この世界の酒はウィスキーのようなものが多く、ビールしか飲まなかった私にはちょっとつらい。
どっちみち今の年齢では飲めないのだが。
ゴルドールを先頭に、どんどん通りを抜けて行く。
奥に進むにつれて薄暗く湿っぽくなっていく。
ちらほらといるこの通りの住人らしき人たちの目つきも怪しくなってきた。
よそ者に対して出て行けと言わんばかりに睨みつけてくる。
怖すぎる。
できるだけ下を向いて、目を合わせないようにゴルドールに着いて行った。
もう少しだと言うゴルドール。
しばらく歩いていくと、一軒の小さな、といっても周りの家よりは少し大きめだが、工房のようなものが見えてきた。
煙突からは黙々と煙が出ている。
「あそこだ、懐かしいなぁ」
にこやかに歩を進めるゴルドール。
その工房らしき建物は、全体的に薄汚れていて、窓が割れているところもある。
大丈夫なのだろうか。
そんな私の心配をよそにゴルドールはその工房のドアをノックした。
しばらくしてドアが開き、中から男が出てくる。
「……あぁ? なんだゴルドールじゃねぇか! いきなりどうしたよ!」
「久しぶりだなハルトよ! 元気してたか、今日は酒を買ってきたぞ」
ゴルドールが持ち上げたそれを見て、ハルトと呼ばれた男はニヤリと笑いありがとよ、と礼を言った。
い、いやいやいや怖すぎでしょうこの人!
ゴルドールはにこやかに会話しているが、私とセリシアは固まっていた。
ハルトは大きめの眼帯を着けていて、右目と顔の右側のほとんどが隠れている。
見える左目の目つきは鋭く、笑っても全く笑っている風には見えない。
唯一笑っているとわかるのは、ニヤリとする口元だけだ。
だがその笑った口元も怖さを助長させている一つになっている。
髪は灰色で肩まで伸びていてぼさぼさ、全く手入れされてないのがわかる。
垂れた前髪をばさっとかき上げる動きにセリシアがびくっと肩を震わせる。
スプラッター映画でこの人が出てきても違和感が無いレベルだ。
これなら鉢巻した頑固職人おやじのほうが数倍ましだ。
もうこれ別の人に頼んだほうがいいんじゃないかな? いやいいよね? そうしようよ?
「……で、久しぶりに来たのはただ酒を飲みに来たわけじゃなさそうだな」
「あぁ、実はちょっと作ってほしいものがあってな」
ほぉ……と言って腕を組み、こちらを鋭い目つきで睨んでくる。
いや、本人的には睨んでないのかもしれないけど。
セリシアの尻尾がプルプル震えている。
「それはこの坊主と猫のお嬢さんに関係あるものか?」
「坊主……? っクックク……あ、あぁそうだ。

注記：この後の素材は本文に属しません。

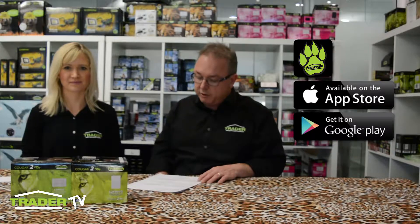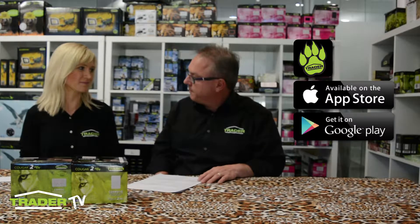Hi Pippa. Trader app orders are flowing and jackets are flying out the door every day. How do I get a Trader jacket ordering the Cougar range, Pip? The Cougar range has been an easy change for contractors — it's a very familiar style.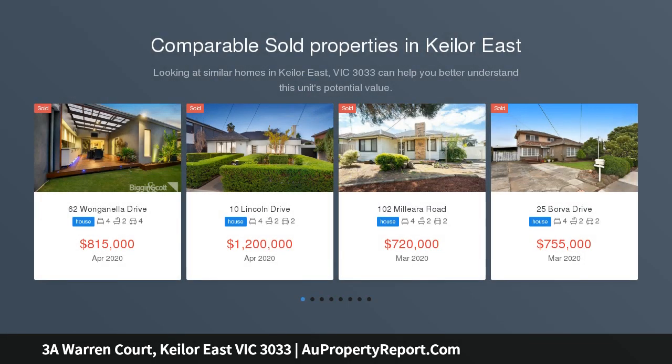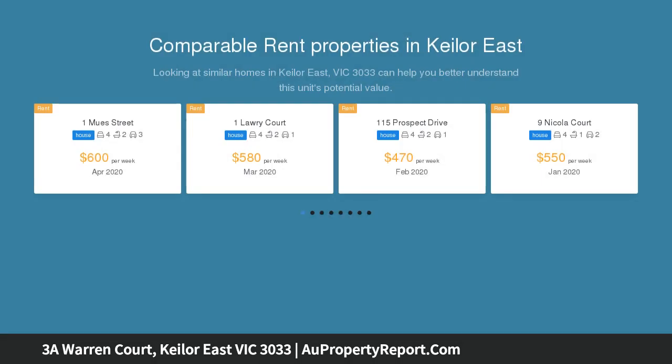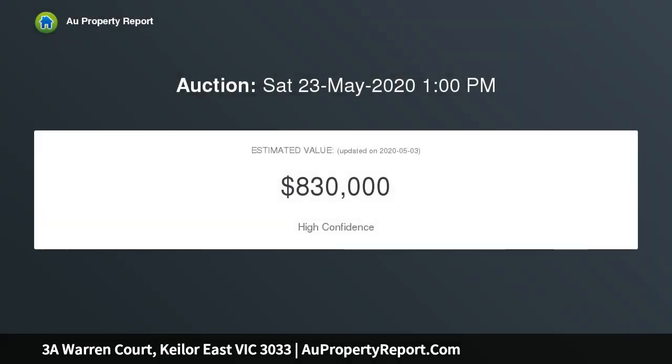Please register your interest in this property so that we can ensure you are included in the virtual auction, or contacted in the event the property is going to be sold prior to the virtual auction date. This property is available for inspection by appointment — please contact us to arrange a suitable time.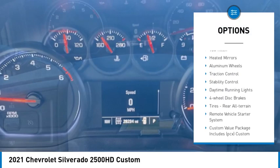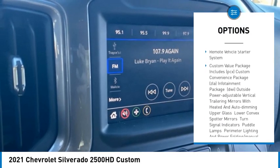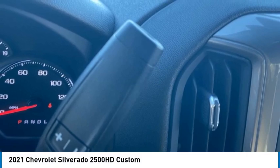4-wheel drive, tire pressure monitor, tow hitch, heated mirrors, aluminum wheels, traction control, stability control, daytime running lights, 4-wheel disc brakes, tires, rear all-terrain.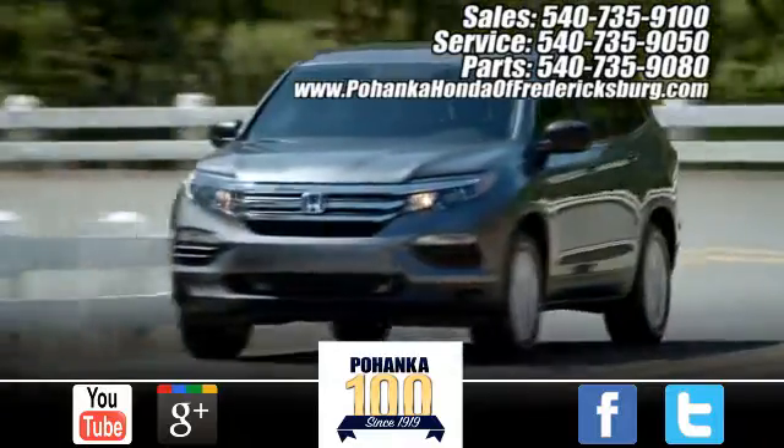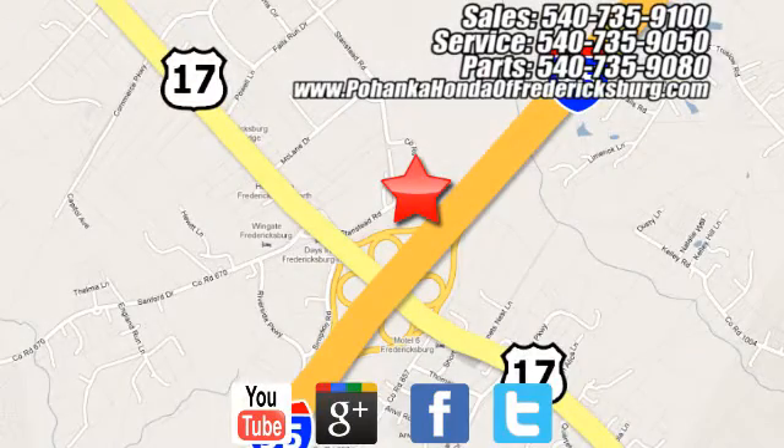Pohanka Honda of Fredericksburg is a great place to buy a car, conveniently located at 60 South Gateway Drive in Fredericksburg.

あぁ紹介がまだだったな。この子達は私の子供だ。ほら、お前達」
あ?
坊主?
誰がよ!
中性的だけど坊主って始めて言われたぞ!
「お初にお目にかかります。アリールのゴルドール・アウドの娘、カーレント・アウドと言うものです」
私に続いてセリシアも自己紹介する。
相変わらず尻尾はプルプルしているが。
「……ん? あ? 坊主じゃねぇのか? あぁ、いやすまなかった、きりっとした面してっからてっきり男だと……しかし猫のお嬢ちゃんもこいつの子なのか? 嫁さんはエルフだって聞いたが」
「カレンは俺に似てなかなかの美男子面だからな。セリシアはちょっとあってな。いやぁあのときのカレンには驚かされたよ。あ、後妻のアーレはハーフエルフだよ」
美男子面って……
美少女ではないのに少し引っ掛かるが、自分でもそう思っている部分もあるので黙っておく。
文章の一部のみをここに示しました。